Your goal :: An exact copy of every entry is required, without the pictures.

Exercise materials ::
>>>>>

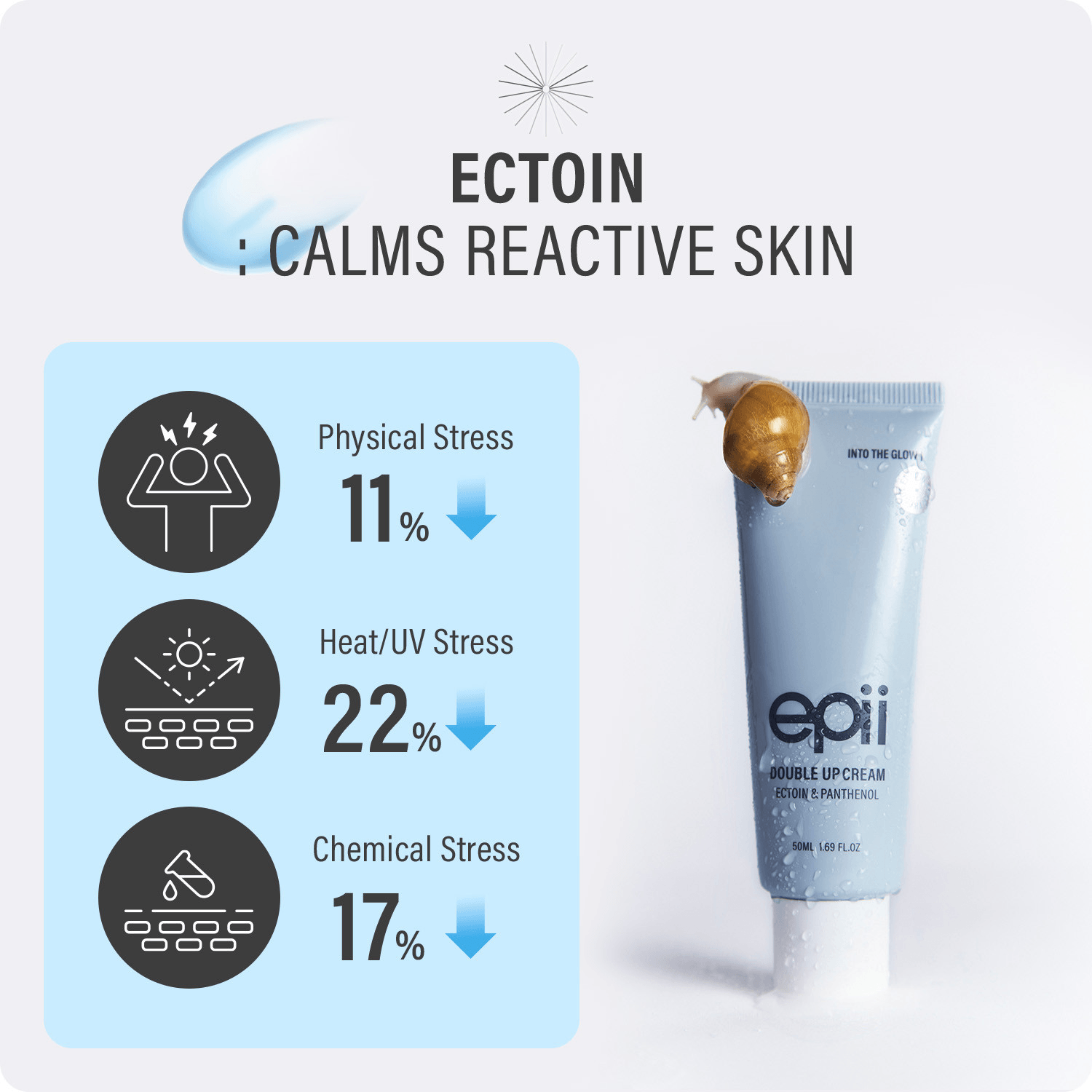 epii Double Up Cream Ectoin & Panthenol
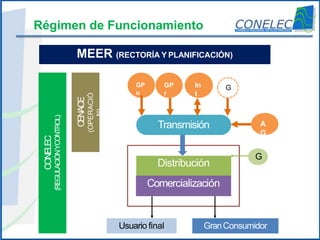 www.conelec.gob.ec
Régimen de Funcionamiento
Distribución
Comercialización
Transmisión
Usuario final GranConsumidor
GP
u
G...
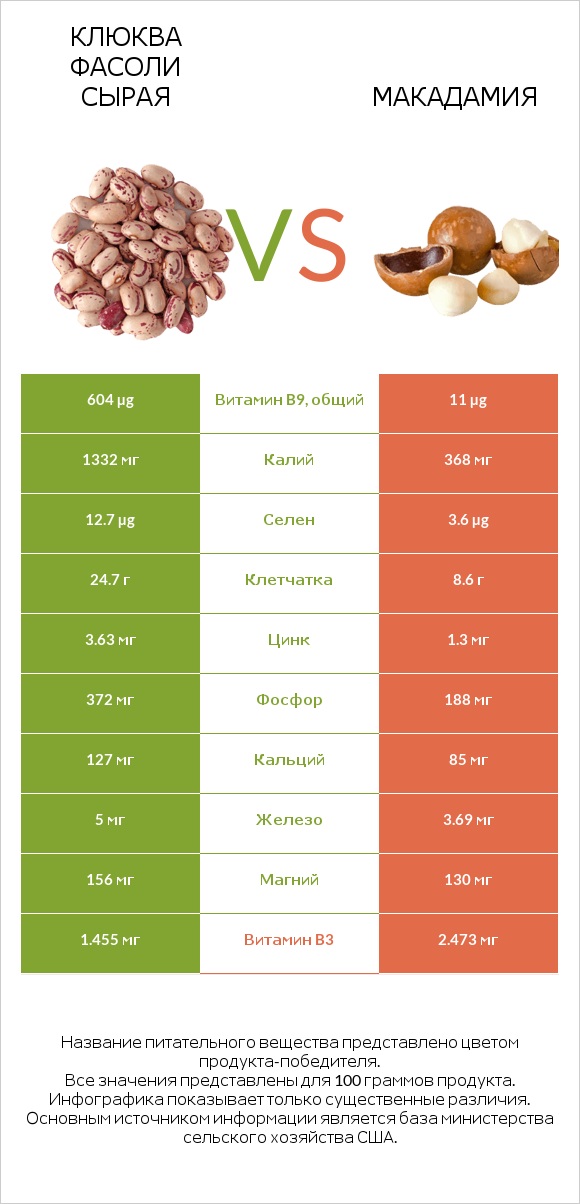 Клюква фасоли сырая vs Макадамия infographic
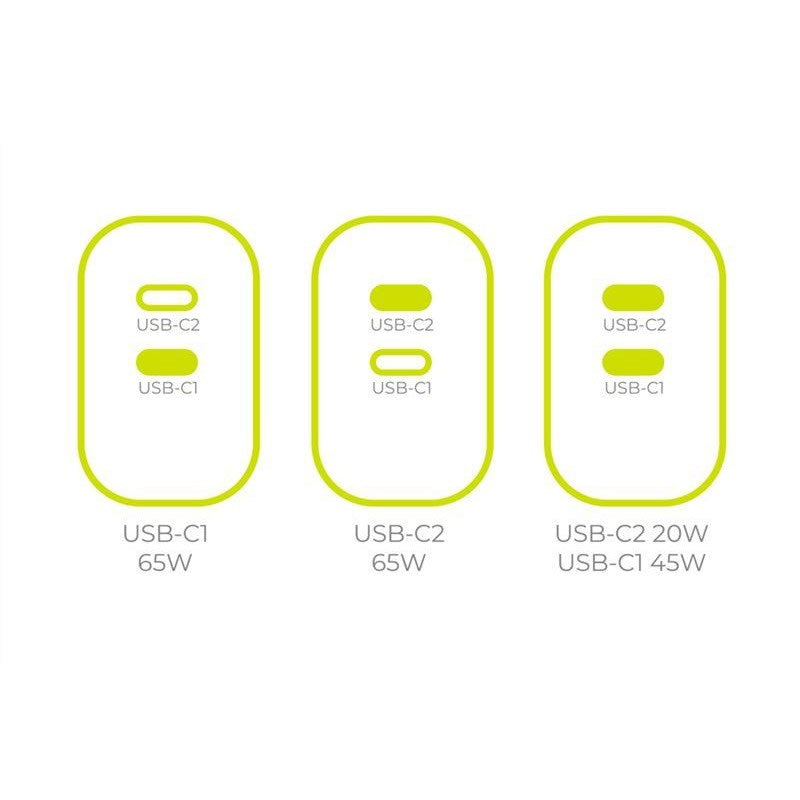 Mobile Origin GaN 65W Wall Charger with 2 x USB-C - White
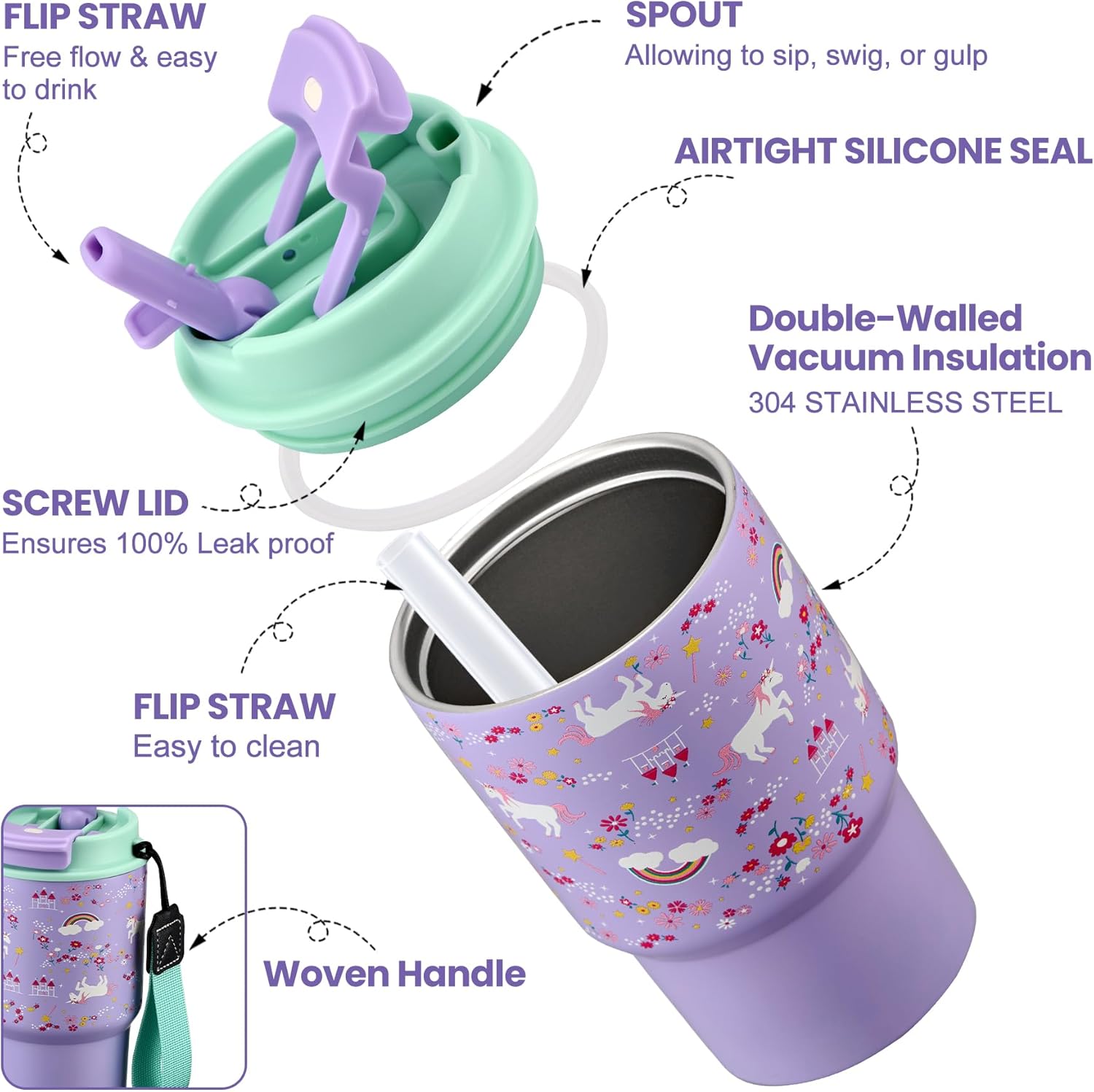 135oz Kids Insulated Tumbler with Straw 2 Pack
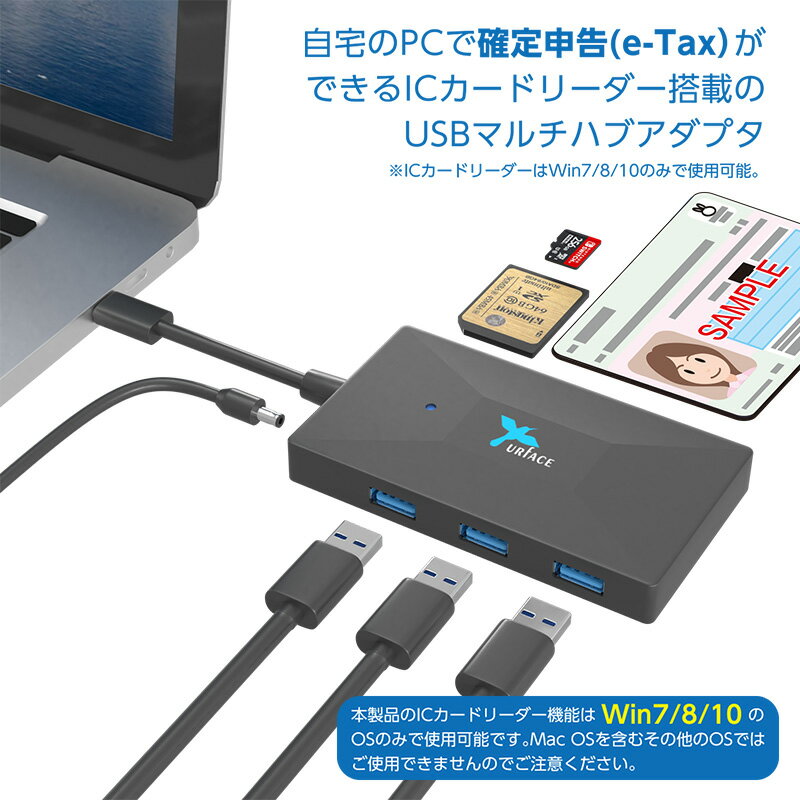 富士通 DynaMO 640U2 Photo PCカードリーダ一体型 USB接続MOドライブ 楽天市場】恵安 富士通 DynaMO 640U2 Photo PCカードリーダ一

<<<<<

Result ::
 epii Double Up Cream Ectoin & Panthenol
 www.conelec.gob.ec
Régimen de Funcionamiento
Distribución
Comercialización
Transmisión
Usuario final GranConsumidor
GP
u
G...
 Клюква фасоли сырая vs Макадамия infographic
 Mobile Origin GaN 65W Wall Charger with 2 x USB-C - White
 135oz Kids Insulated Tumbler with Straw 2 Pack
 富士通 DynaMO 640U2 Photo PCカードリーダ一体型 USB接続MOドライブ 楽天市場】恵安 富士通 DynaMO 640U2 Photo PCカードリーダ一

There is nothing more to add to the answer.